Petitioners have to go through two minions before they get to salute the colonel and blurt out their request before his attention wanders or someone else elbows in.

When he hears my story, he immediately calls the school.

“I just heard something that shocked me, my dear man,” he barked at Iran Zamin’s bureaucrat on the other end. “In our country, we have a problem with people not being familiar with the rules.

“Listen, it doesn’t matter he’s gone to college. Anyone can take the oral exam.

“Tell me, how else would you have him pass the exam if he can’t read the questions?”

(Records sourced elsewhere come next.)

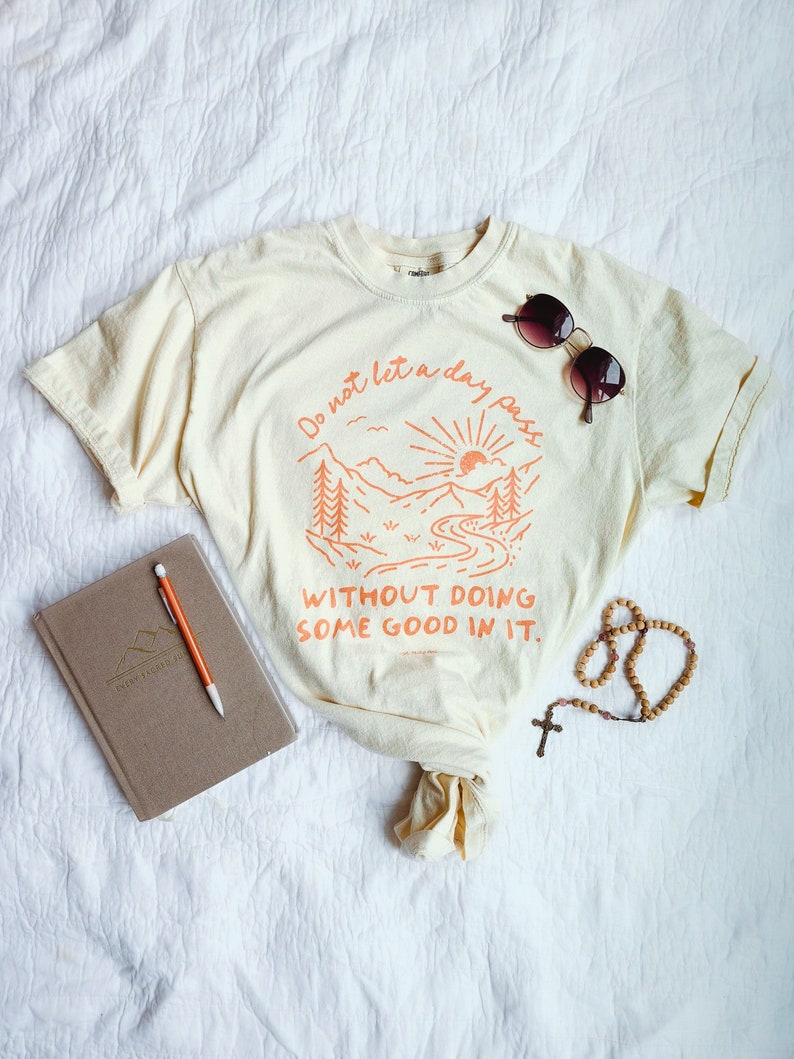 May include: A light yellow t-shirt with an orange graphic of a mountain scene and the text "Do not let a day pass without doing some good in it."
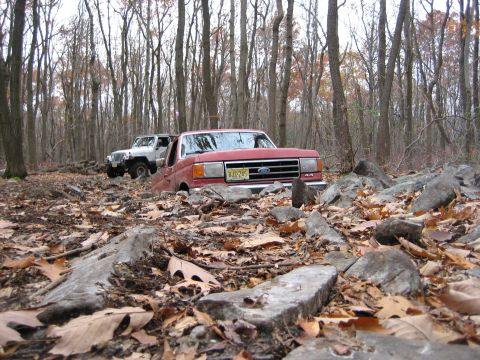 1990 Ford Bronco - Two off-road vehicles, a red Ford Bronco and a white Jeep, are seen in a wooded area with rocky terrain.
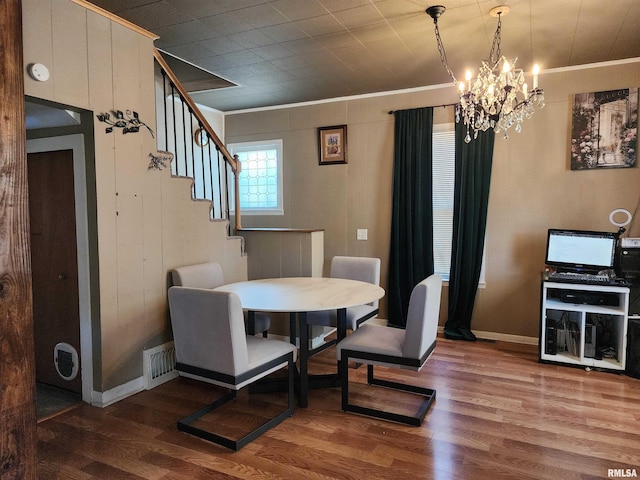 dining area with ornamental molding, a chandelier, wood finished floors, baseboards, and stairs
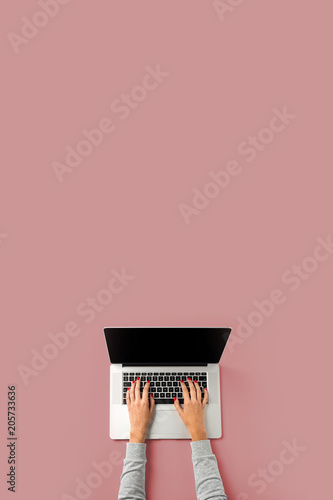 Woman working on laptop. Business background with copy space.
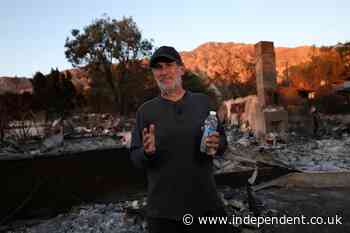 Dozens of LA residents – some armed – are defying evacuation orders to protect their homes in ‘Wild West’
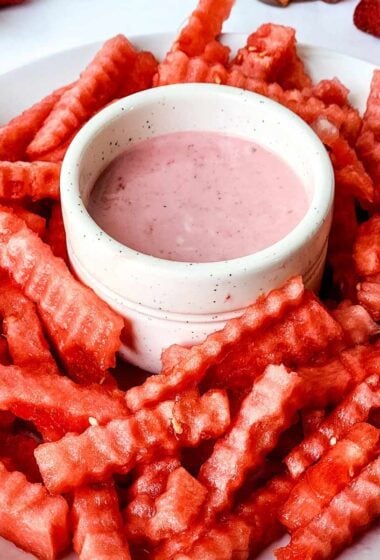 a white plate of Fruity Watermelon fries with a dip
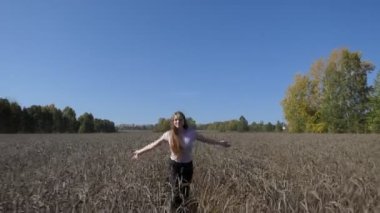 Kadın, sonbahar. Genç, mutlu bir kadın buğday tarlasında koşuyor..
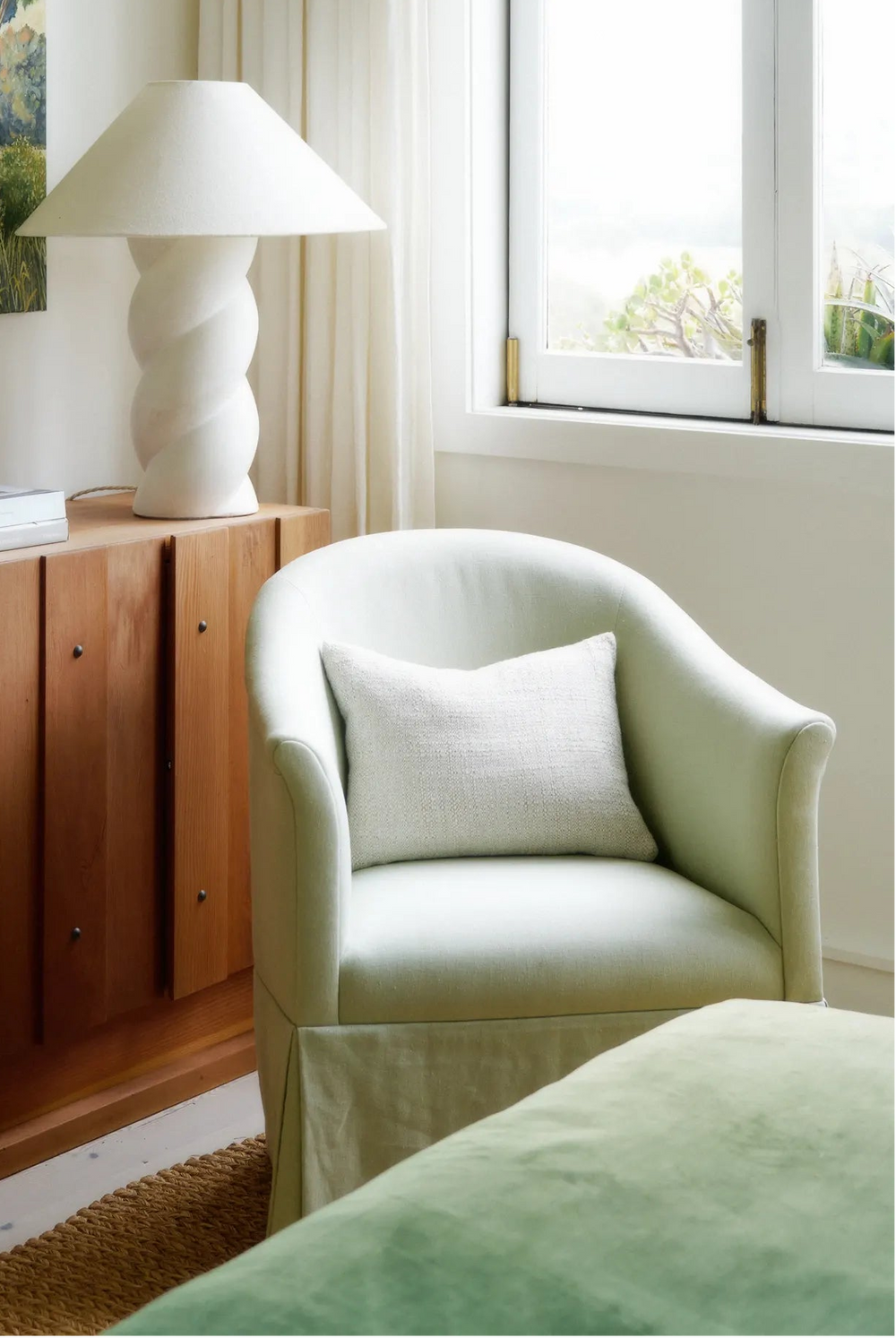 Neatly made bed with white bedding in a room with wooden walls and a vase of white tulips.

Ah, finally! I can almost see the beautiful ray of logic that left the colonel’s mouth, flew past my nose and through the window into the sunshine outside.

The very next instant the colonel switches to customary pleasantries, as if the bureaucrat is his dearest friend. “Let me tell you how dear you are to us. I die for you.” (“.من قربانه شما پشم”)

I leave the police station a happy man because this time I am going to have a fighting chance at passing the driver’s exam.

It’s warm outside. The sun is shining because it rained all night and cleared out a lot of the smog that ordinarily blocks the sky.

At the crosswalk, I hold my breath and begin tiptoeing my way across, dodging drivers rushing past with not so much as a tiny tiny acknowledgement that there’s a crosswalk or a human life is centimeters away.

Once again I swear some of them are aiming for me. It’s paranoia, I am told, every newcomer goes through.